→ **Instructions for the task**: After locating the line that holds "Tucson Frame-Rustic Walnut", copy that line and all that follow it word for word through the end of the data, with no pictures.

[Dataset entries]
§

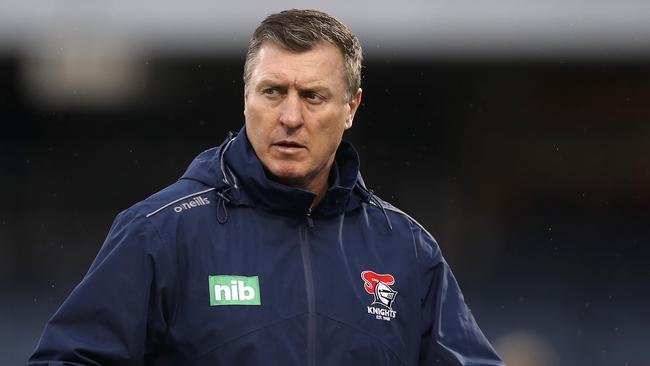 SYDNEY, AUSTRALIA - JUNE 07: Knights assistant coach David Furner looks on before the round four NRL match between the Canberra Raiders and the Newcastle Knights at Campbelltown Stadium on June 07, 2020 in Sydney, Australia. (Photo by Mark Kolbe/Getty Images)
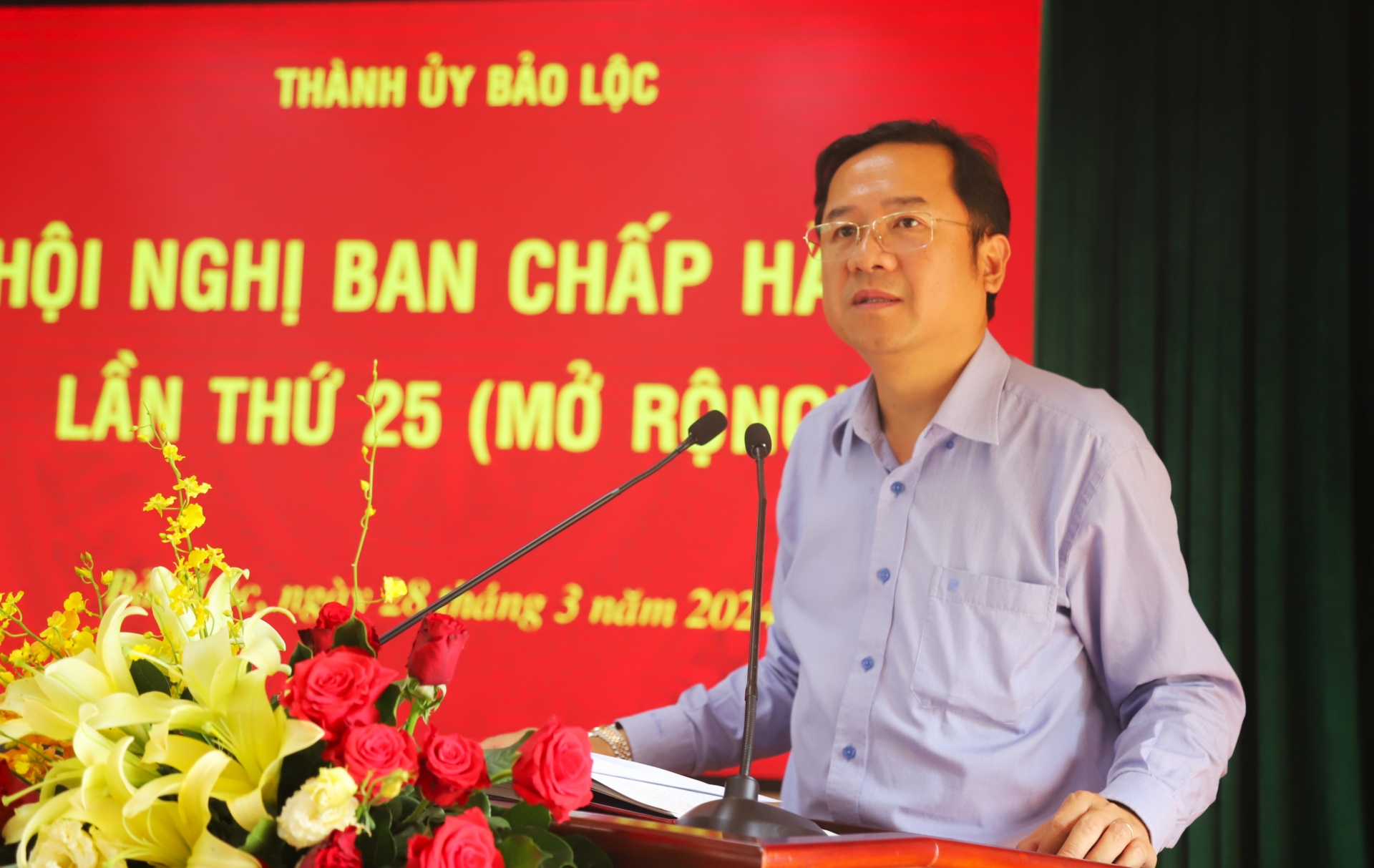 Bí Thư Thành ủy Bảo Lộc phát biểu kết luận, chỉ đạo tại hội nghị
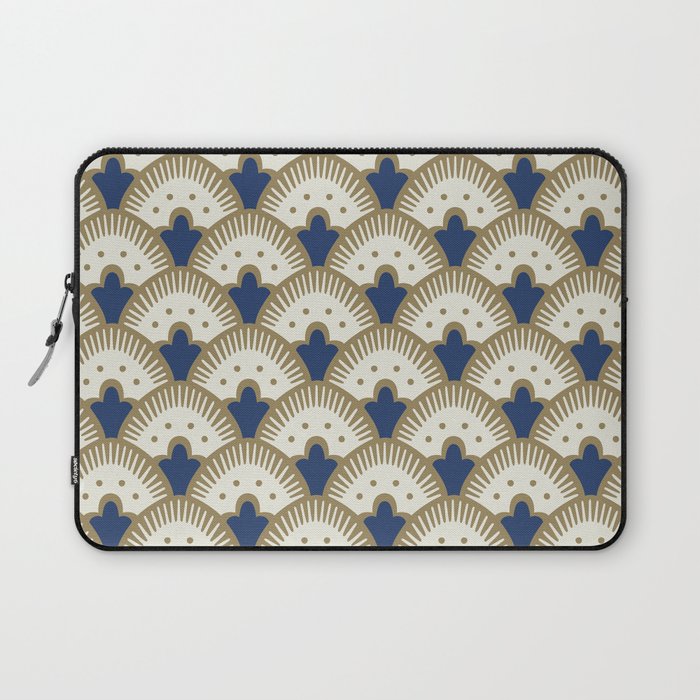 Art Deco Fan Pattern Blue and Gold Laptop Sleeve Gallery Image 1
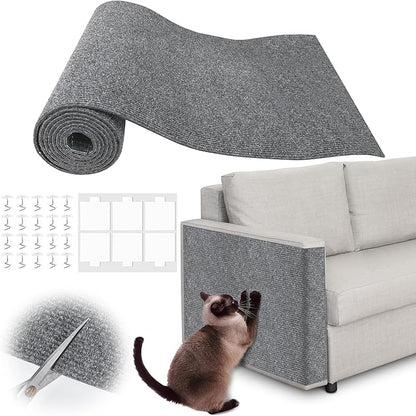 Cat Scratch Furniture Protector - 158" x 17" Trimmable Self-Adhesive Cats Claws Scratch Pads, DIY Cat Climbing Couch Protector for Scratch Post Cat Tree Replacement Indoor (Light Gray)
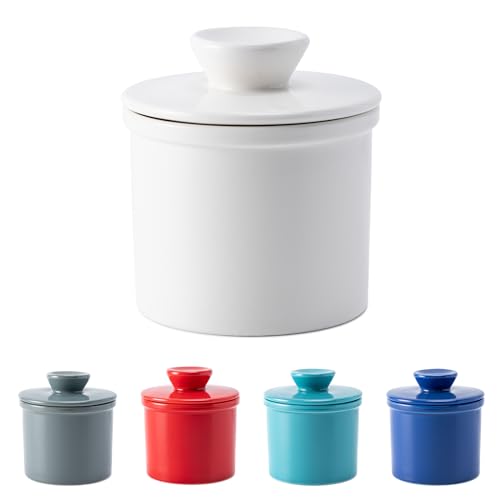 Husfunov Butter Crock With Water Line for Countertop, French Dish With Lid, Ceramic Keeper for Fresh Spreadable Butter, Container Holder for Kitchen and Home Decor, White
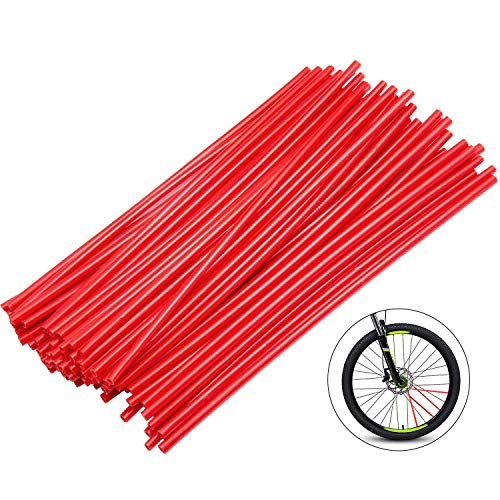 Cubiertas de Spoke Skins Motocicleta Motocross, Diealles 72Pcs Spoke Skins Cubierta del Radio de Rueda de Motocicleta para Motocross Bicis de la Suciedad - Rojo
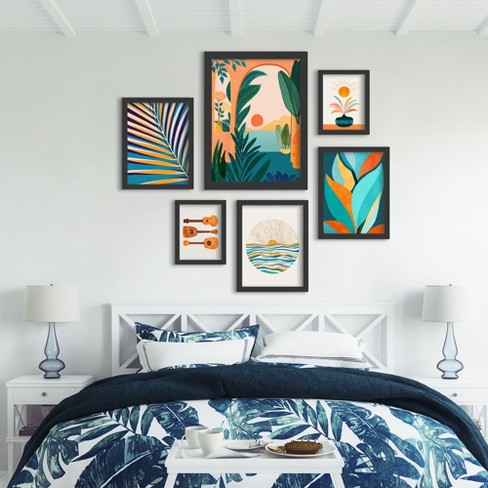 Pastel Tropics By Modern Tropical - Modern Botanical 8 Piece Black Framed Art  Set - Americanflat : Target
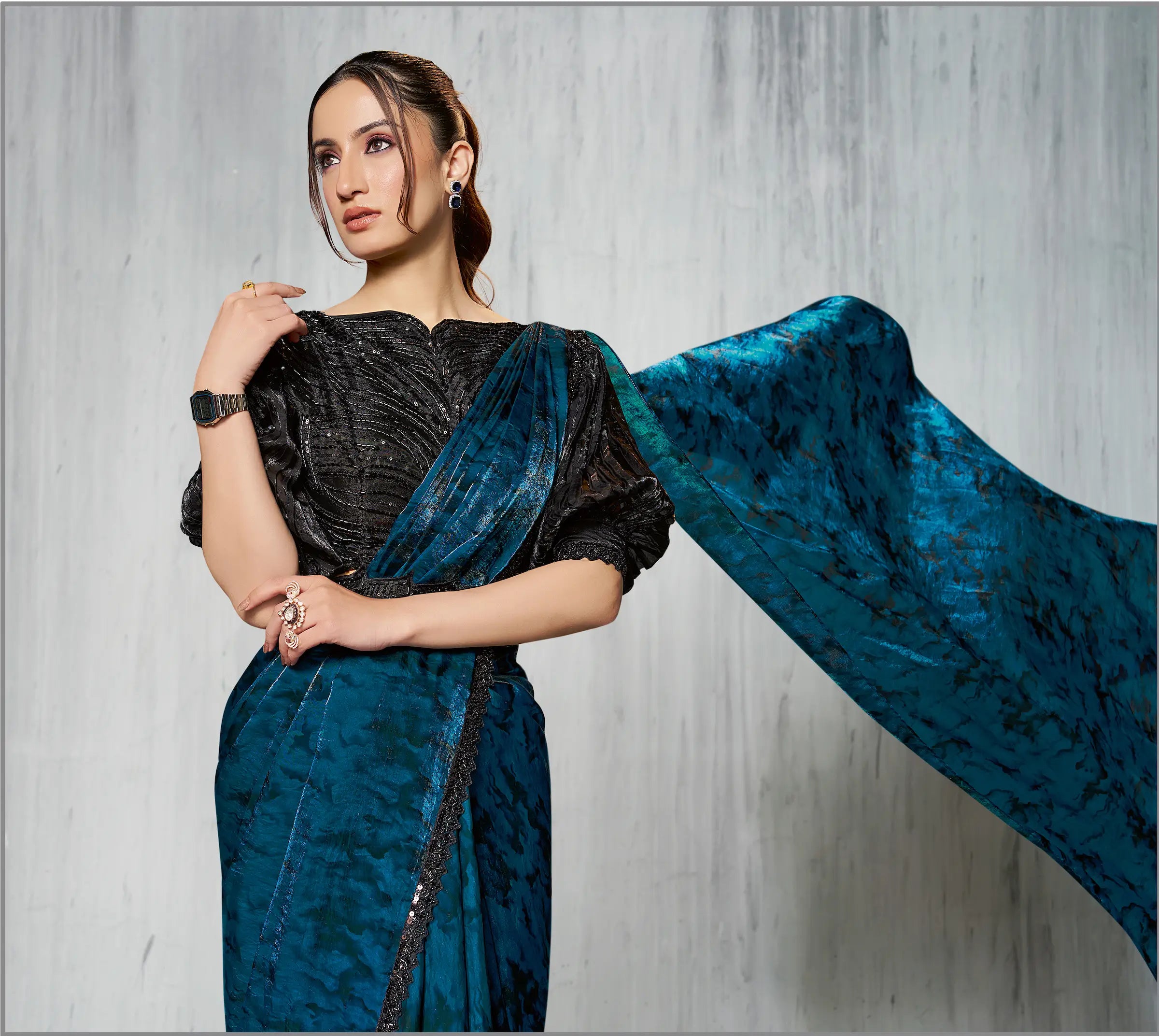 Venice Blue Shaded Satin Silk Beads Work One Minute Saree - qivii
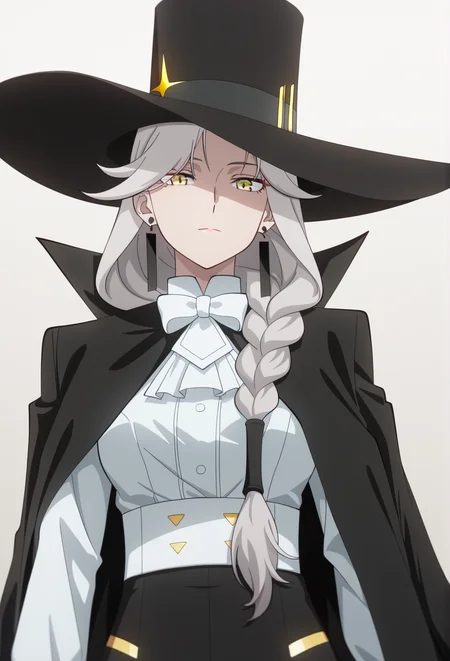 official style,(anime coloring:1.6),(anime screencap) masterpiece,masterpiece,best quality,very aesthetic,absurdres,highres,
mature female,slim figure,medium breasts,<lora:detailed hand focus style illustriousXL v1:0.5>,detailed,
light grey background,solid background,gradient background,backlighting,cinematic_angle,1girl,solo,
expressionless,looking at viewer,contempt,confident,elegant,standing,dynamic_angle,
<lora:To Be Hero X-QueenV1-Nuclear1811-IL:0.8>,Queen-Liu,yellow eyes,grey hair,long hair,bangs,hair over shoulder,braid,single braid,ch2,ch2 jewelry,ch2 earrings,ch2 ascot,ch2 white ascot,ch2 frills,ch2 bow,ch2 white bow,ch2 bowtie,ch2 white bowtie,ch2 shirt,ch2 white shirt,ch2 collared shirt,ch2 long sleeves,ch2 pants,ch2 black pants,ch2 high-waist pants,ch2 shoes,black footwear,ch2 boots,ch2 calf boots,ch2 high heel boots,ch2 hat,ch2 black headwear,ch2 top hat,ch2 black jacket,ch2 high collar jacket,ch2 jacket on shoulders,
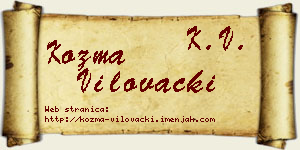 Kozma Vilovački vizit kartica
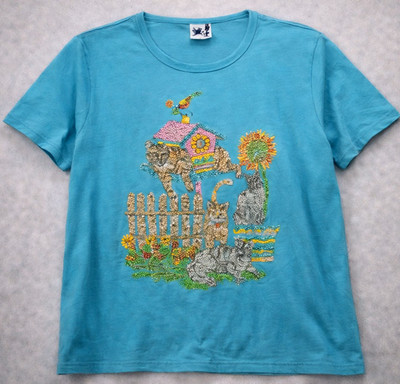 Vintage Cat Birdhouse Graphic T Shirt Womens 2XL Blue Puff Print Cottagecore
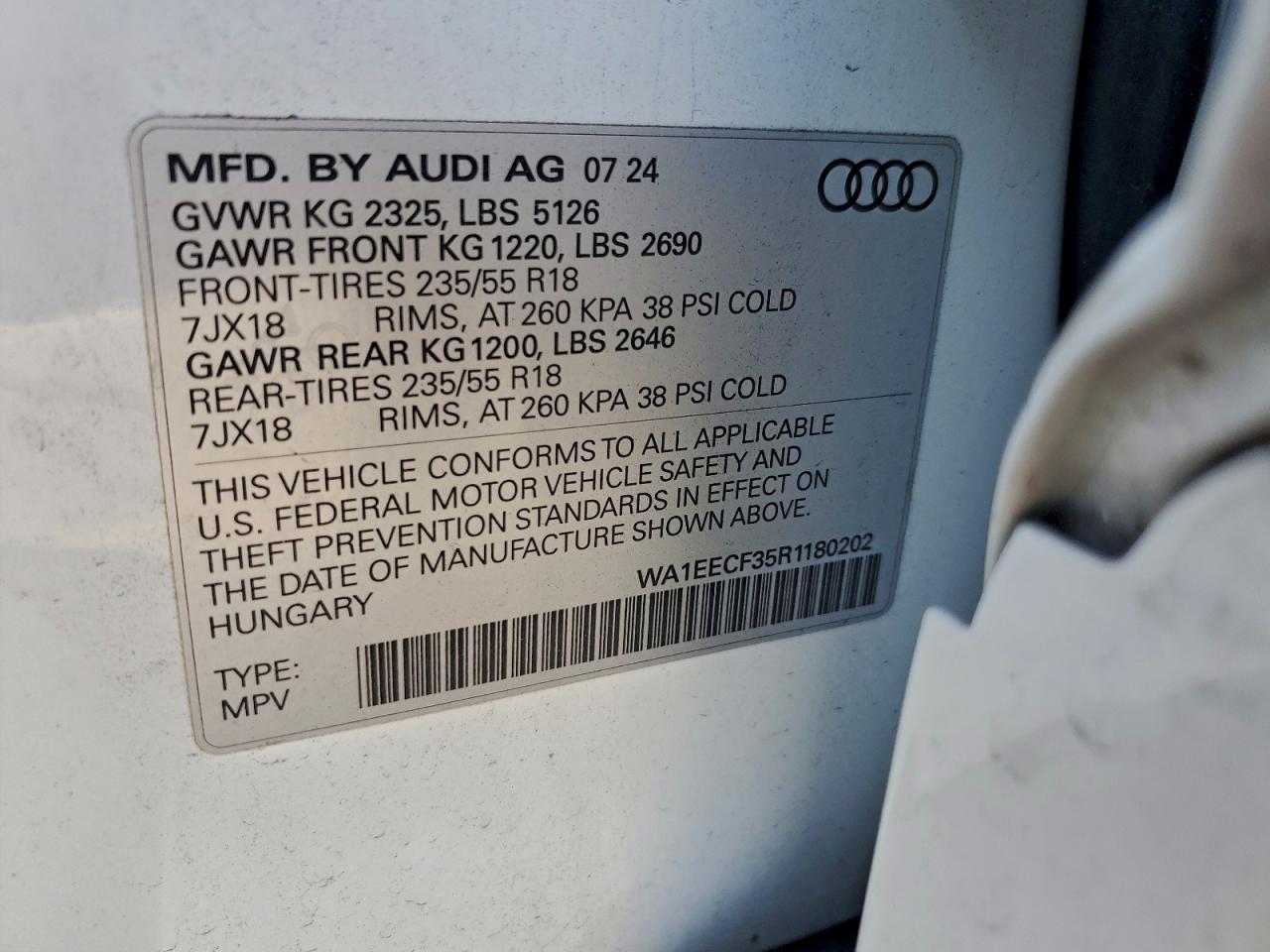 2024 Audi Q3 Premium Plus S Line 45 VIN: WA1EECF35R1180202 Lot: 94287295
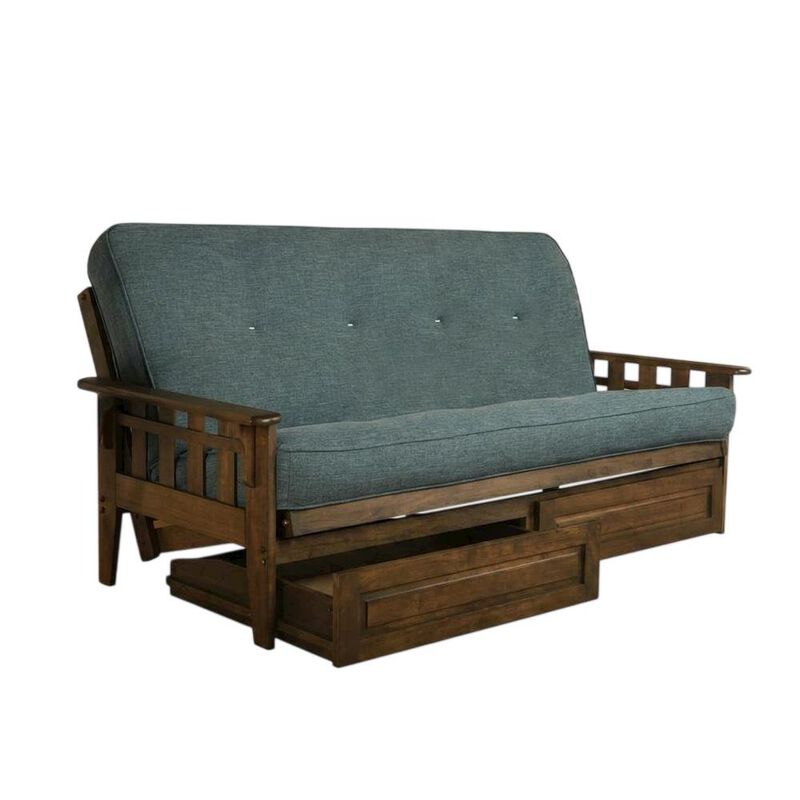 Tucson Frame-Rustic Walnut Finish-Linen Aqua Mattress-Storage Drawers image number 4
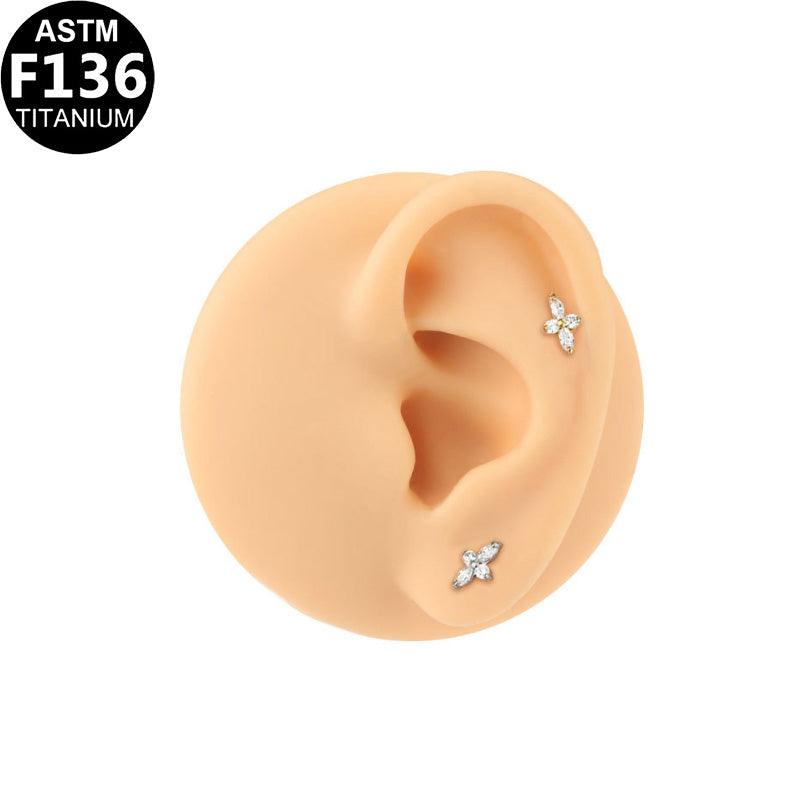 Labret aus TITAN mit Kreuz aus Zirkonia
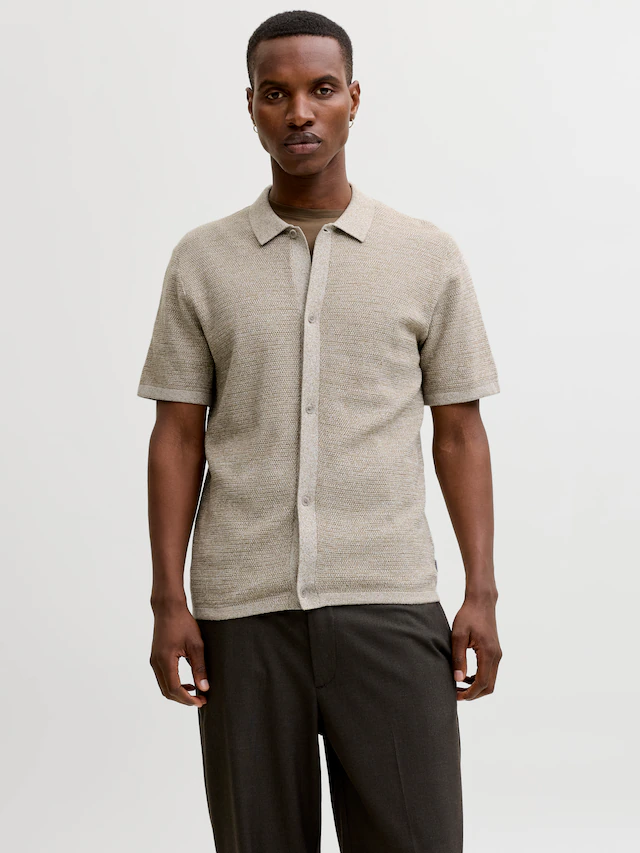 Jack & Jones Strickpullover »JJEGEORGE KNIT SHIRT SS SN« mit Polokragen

§

→ **Result for this task**:
 Tucson Frame-Rustic Walnut Finish-Linen Aqua Mattress-Storage Drawers image number 4
 Labret aus TITAN mit Kreuz aus Zirkonia
 Jack & Jones Strickpullover »JJEGEORGE KNIT SHIRT SS SN« mit Polokragen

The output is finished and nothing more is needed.